The Shadowy World of America’s Mercenaries
CIA-RDP88B00443R002004490006-0
The Secret World of New America’s Mercenaries – 3 November 1986
From the old-boy network to the born losers
He calls himself Paul Fanshaw, his nom de guerre in the French Foreign [CENSORED]. He is a truly scary man. Hard of eye and roу of muscle, he is a merciless warrior who has an athlete’s build at 48; and now, alone in a hotel room in Dayton, Ohio, with NEWSWEEK’s Vincent Coppola, he is dangerously drunk and wavering between belligerence and a kind of remorse.
He has been rambling angrily about his grievances against the CIA, Ronald Reagan, Muammar Kaddafi; the FBI is after him, he says, for his role in an attempted coup in Ghana. He drinks Dom Perignon champagne and chews Skoal Long Cut, spitting the tobacco juice into a tumbler.

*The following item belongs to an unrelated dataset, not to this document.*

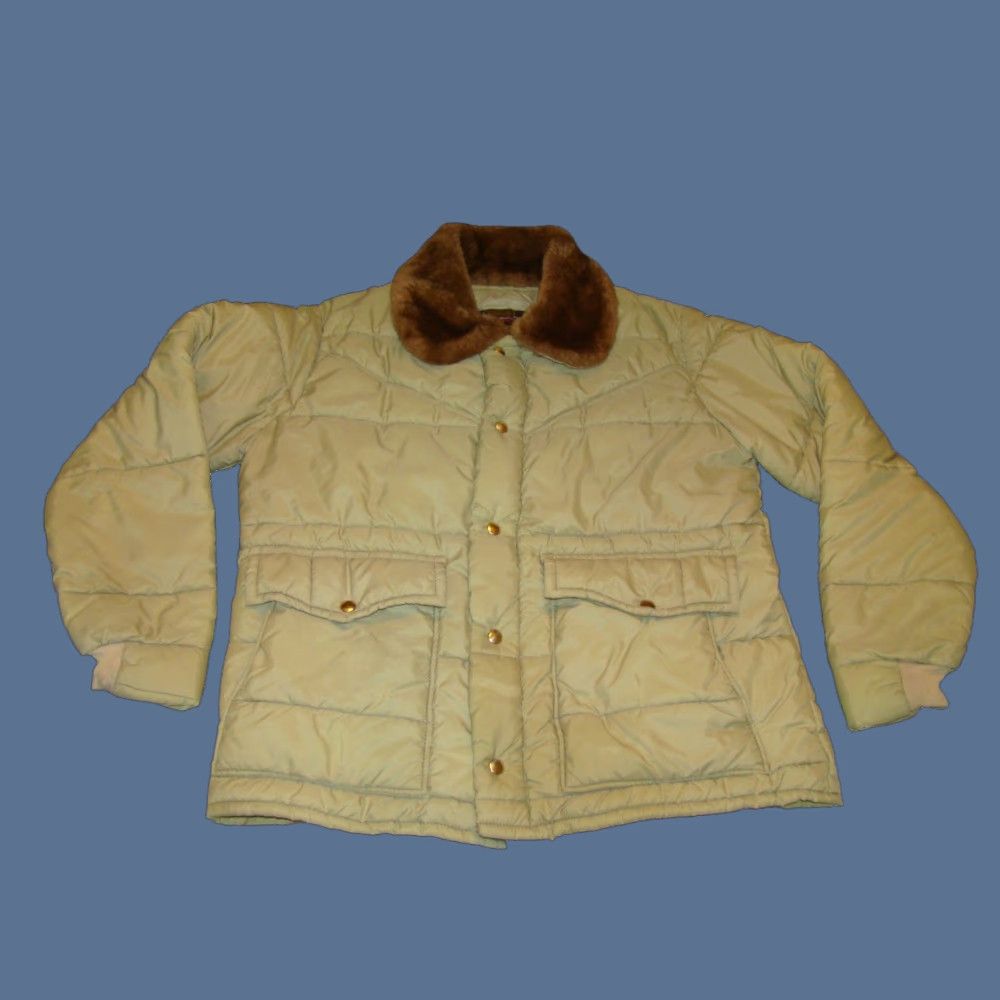 Walls VINTAGE Walls Blizzard Pruf Men Puffer Coat Jacket Beige Large Nylon Faux Fur Collar Snap Zip 2-way Pockets Mens Size US L / EU 52-54 / 3 - 1 Thumbnail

“I’m a mercenary who thinks too much,” he says. “I’ve killed poor people. It bothers me about the poor, to have to make a living like that… I’ve lost my honor, they’ve taken my honor…” Suddenly he is weeping silently. “I’m a soldier, you understand. You trouble me. You are a danger to me. I’d as soon shoot you as…”
Fanshaw is a far cry from Eugene Hasenfus, sitting stunned and morose in a cell in Managua, and even further from the anticommunist zealots and gun-crazy amateurs who have been beating paths to Tegucigalpa and San Salvador in recent years to get a taste of a real war. But all three are variants of the rank-and-file mercenary: losers and misfits.
Rambo beware: They call themselves mercs, and each of them thinks his kind is the only real soldier of fortune. Hasenfus “is a disgrace to his country,” says a Missouri-based mercenary who has raided with the contras; for that matter, he brags, Sylvester Stallone’s Rambo “wouldn’t last two minutes in my jungle.”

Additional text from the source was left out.